The only thing for Westerners to do here on a Saturday is shop, so that’s what I did. I couldn’t have managed it without my local guide, a Taiwanese girl who lives here and speaks fluent Mandarin. We had been out the night before to a Teriyaki restaurant, and both had sore heads on Saturday morning; she swore the best thing for it was more Japanese food, so that’s what we did first.
Then she made a telephone call to the Secret Apartment, where she takes all visiting colleagues from the UK and America, to buy handbags and watches with dubious designer labels…

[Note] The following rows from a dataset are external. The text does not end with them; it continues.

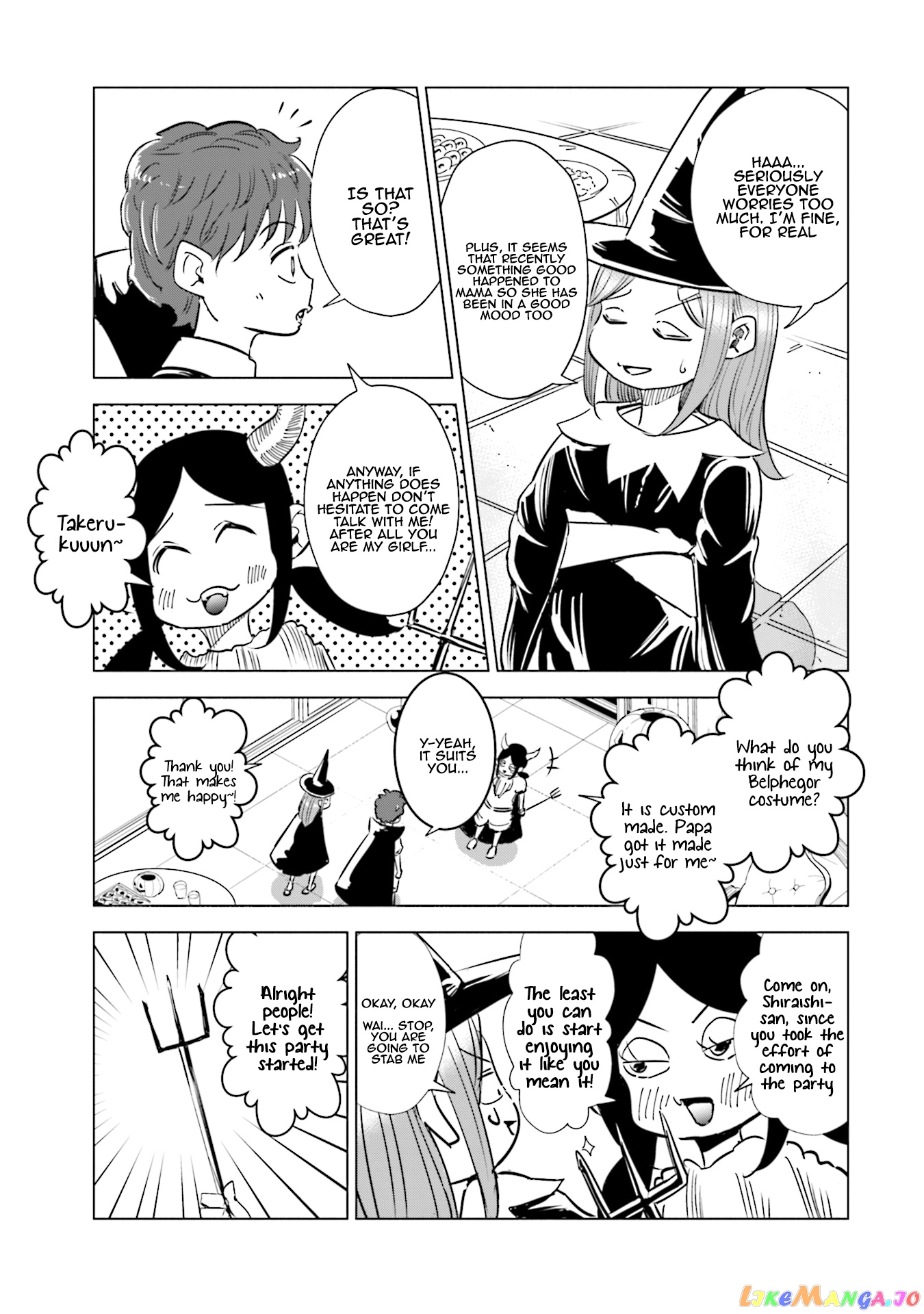If My Wife Became an Elementary School Student chapter 31 - page 14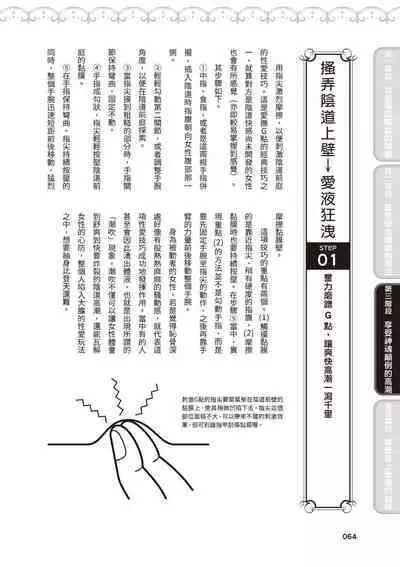 內部攻略!圖解陰道快感開發・高潮完全指南
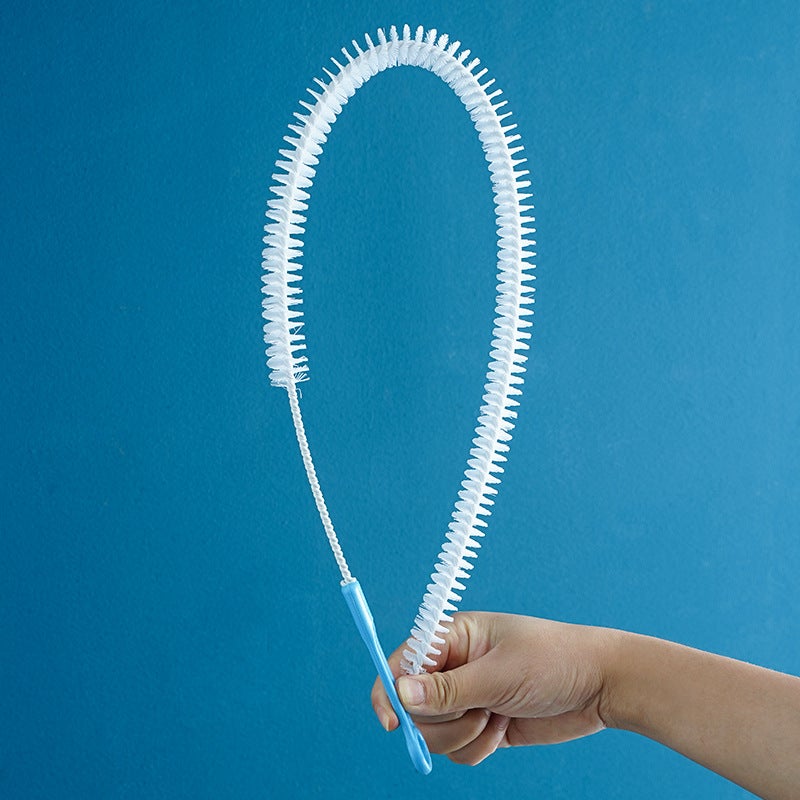Flexible Pipe Dredge, Sewer Hair Cleaner, Wash Basin Cleaning Brush, Water Pipe Artifact Tool - Image 5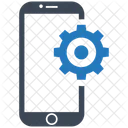 Configuración móvil  Icono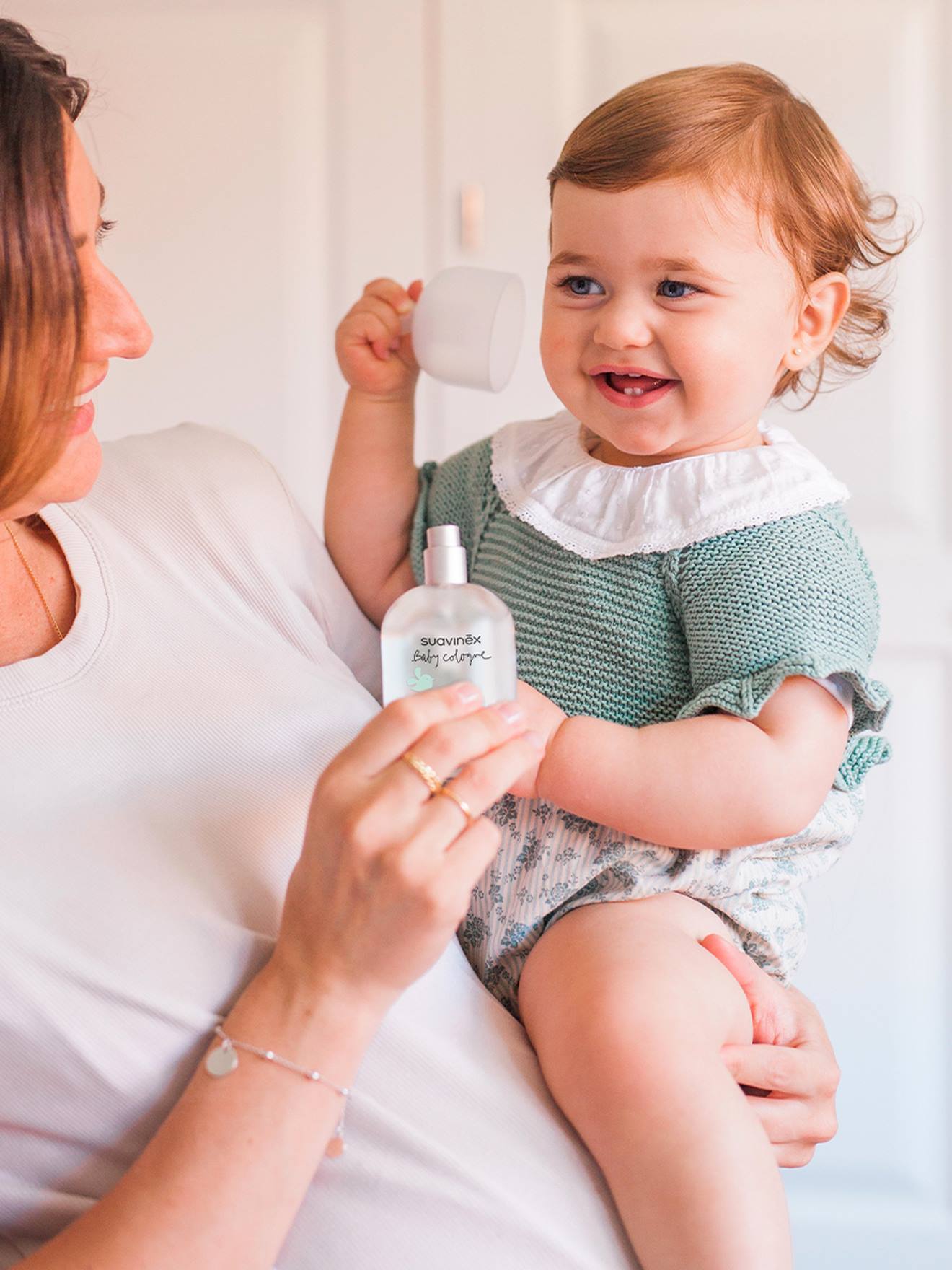 Baby Cologne 100ml SUAVINEX transparent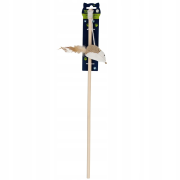 Wędka dla Kota natural. Wydawca: Trik&Roll. Dadada.pl Opakowanie Wędka dla Kota natural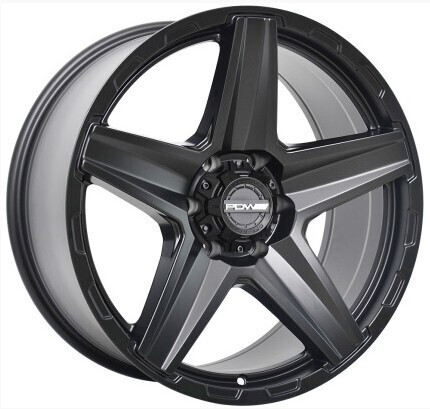 Диск Pdw Titan 18x8 6x139.7 ET36 DIA100.1 U4B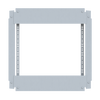 PS MODULAR FRAME 500X500  40 MOD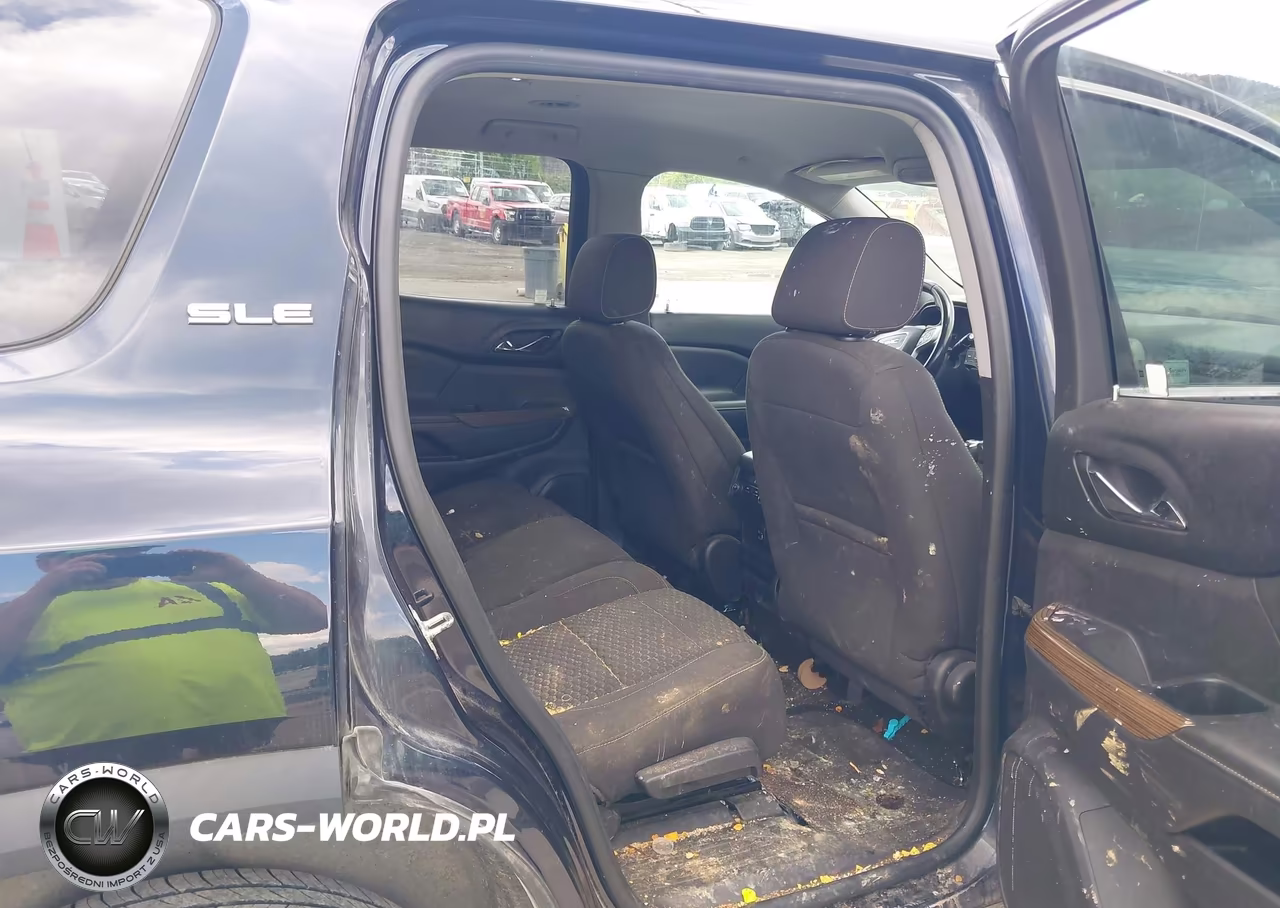2017 GMC Acadia Sle-1 VIN:1GKKNKLAXHZ179573 - 8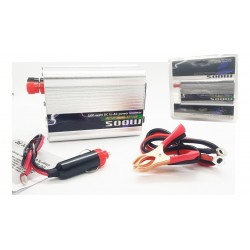 Inversor De Corriente 500w 12v 110v Disponibles Conversor (Entrega Inmediata)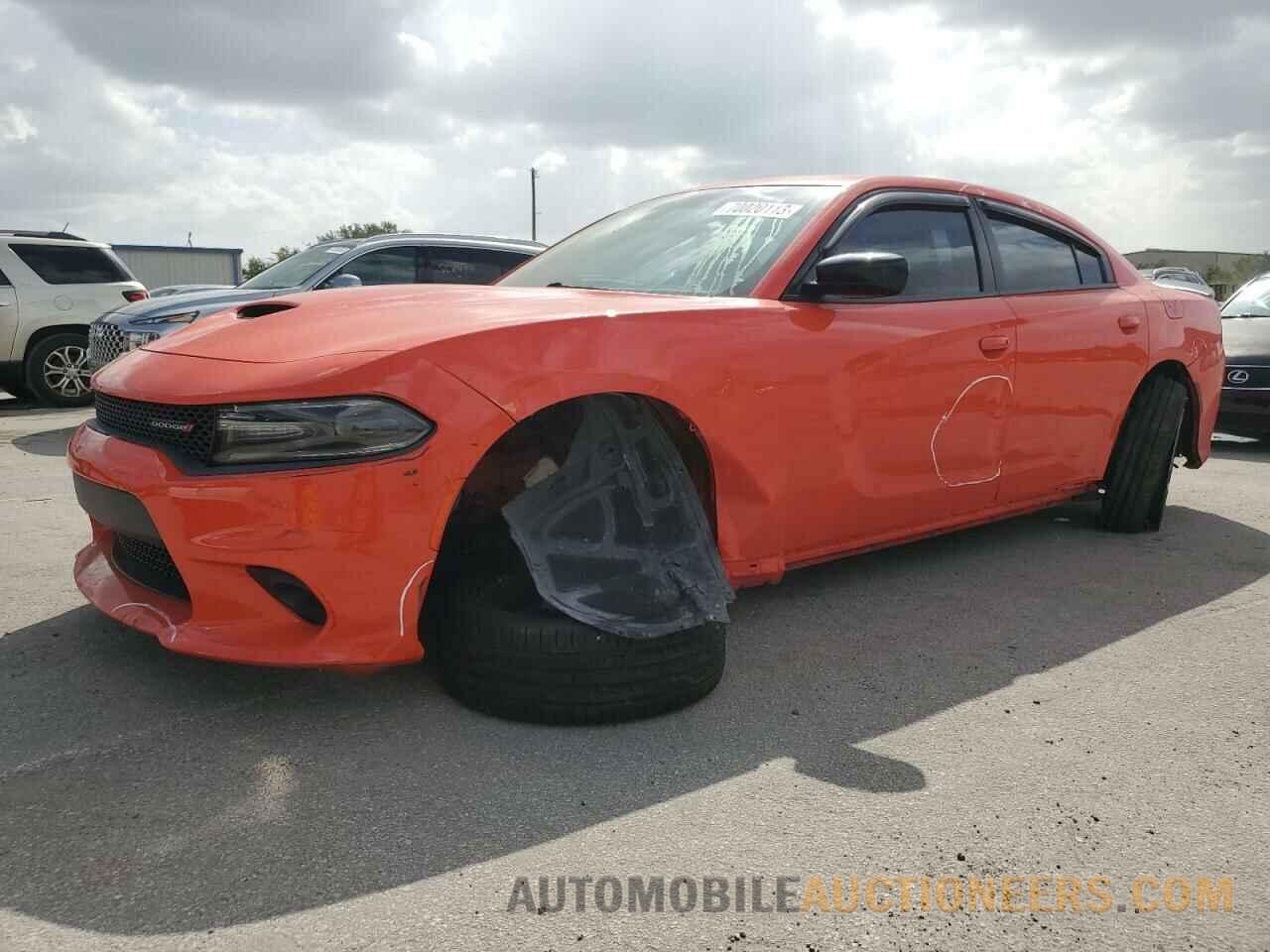 2C3CDXHG0KH626405 DODGE CHARGER 2019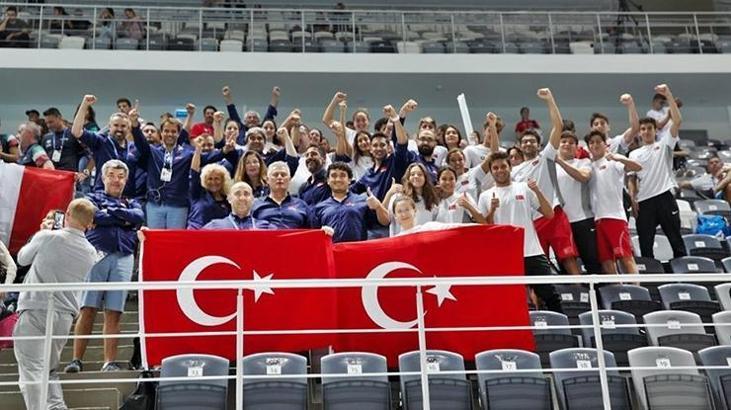Genç yüzücülerden büyük başarı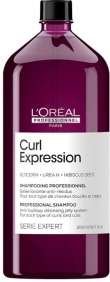 L`Oréal Serie Expert - Champú Gel Limpiador Anti-acumulación CURL EXPRESSION para ondas 1500 ml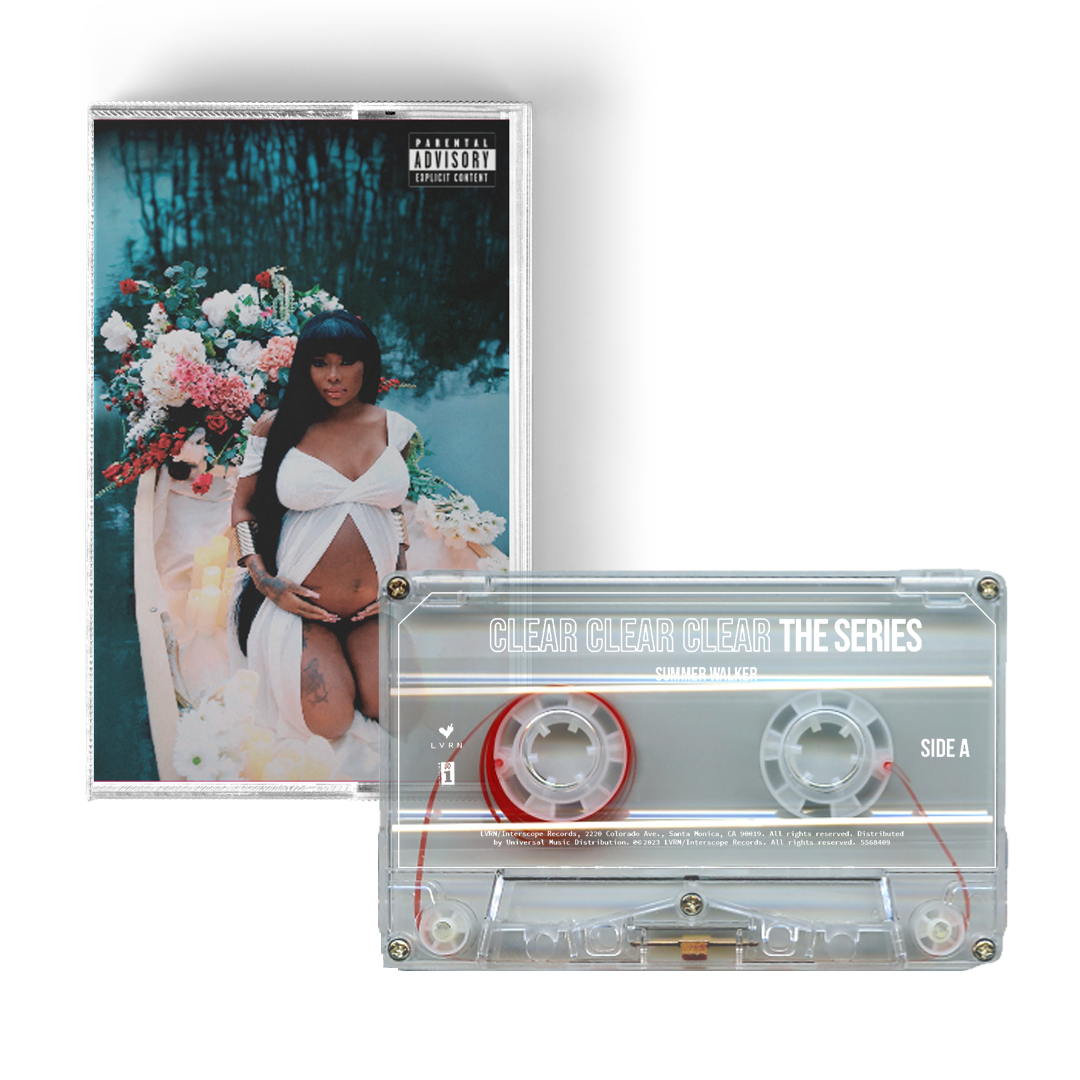 Summer Walker - CLEAR: The Series Cassette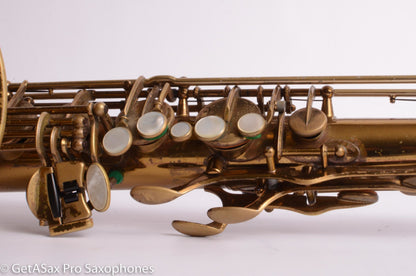 Selmer Mark VI Tenor 1955 Original Lacquer Plays Well 59259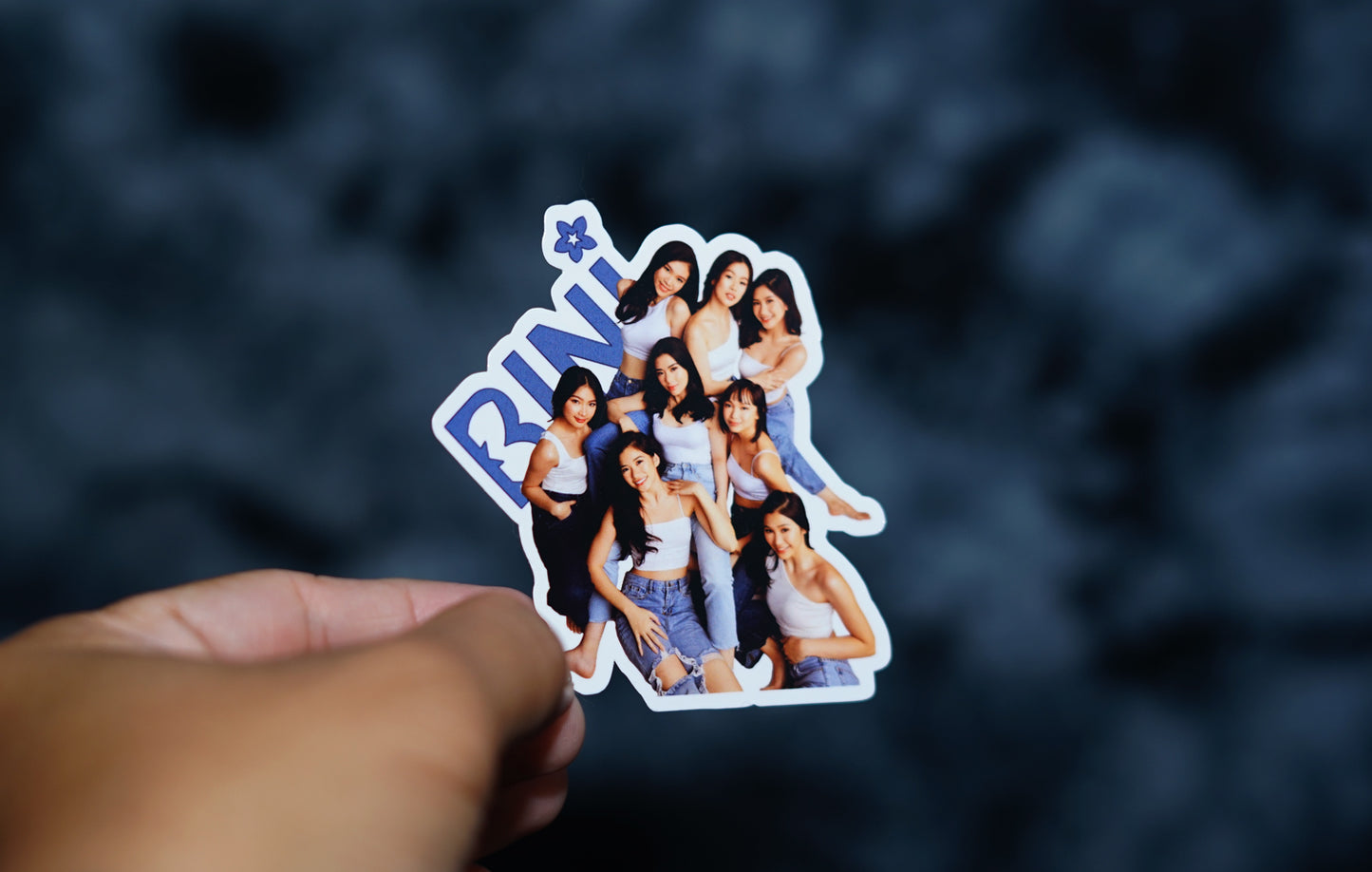 Bini PPop Philippines Die Cut Stickers for Cars Laptop Wall Waterbottle Stanley Pinay Pinoy Filipina Girl Group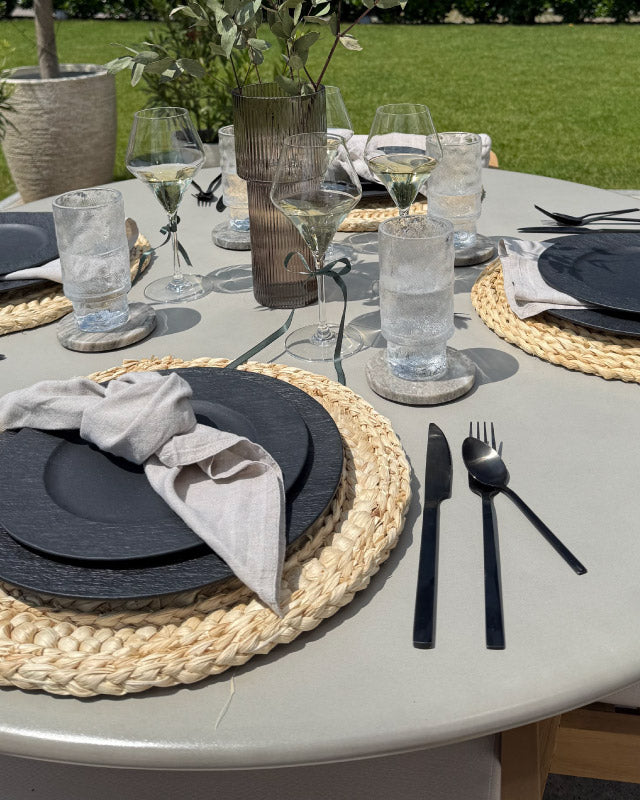 Geschirrset Oasis 16 teilig für 4 Personen mit Tassen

We met another colleague, and then Taiwanese colleague had to go off on an emergency errand, leaving me and Chinese colleague to browse through an amazing selection of belts and bags and other leather goods. She had given us guideline prices, so when we had piled up everything I wanted, we decided on what we considered to be a good price, which was RMB600 [remember, 15 to the pound].
The Secret Shop’s Secret Assistant rattled the prices she had decided on into her calculator, and came up with a figure around RMB3000, at which point Chinese colleague started to argue. She had never been to the Secret Place before, and she was terrified, but she argues like a good ‘un, and we eventually walked out. This is what you do. Secret Assistant followed us to the lift, and I raised the price to RMB700. Chinese colleague was disgusted with me. Secret Assistant begged me for a little more so I said 750, at which point the lift arrived and we got into it. I gather this is all part of the proceedings, and I needn’t have gone up to 750; in fact it would be better if I hadn’t, because among the many counterfeit items in the Secret Apartment, were the counterfeit RMB50 notes – which was what they gave me in change.
Nonetheless, I’ve got 2 watches, 2 handbags, 4 purses, a belt and a silk tie, all with very good fake brand labels, for fifty quid. We left the Secret Apartment feeling like we had been had, and met up with Taiwanese colleague again; she reviewed the haul, and said I hope you didn’t pay more than RMB1000 for this. Very pleased with our handiwork, I can tell you.
We crossed the road (which is a horror story in itself), and went into Lohou Commercial City – like a giant indoor market crammed with little stalls selling all kinds of tat. As we walked through the aisles, all the shopkeepers called to me Hey! Missy! Looky! and offered their wares: watches, dvds, silk scarves, manicure-pedicure-massage, everything under the sun.
We shopped and shopped until we could shop no more, then went for more food. I had my first chopstick disaster, when I dropped a dumpling into a bowl of oil and soy sauce: splat.
I’ve taken lots of photos today – you will have to wait until I get back before you can see them.

Karen

5 thoughts on “Hey! Missy! Looky!

  1. Sounds not to dissimilar from parts of Africa. Well except for the chopsticks.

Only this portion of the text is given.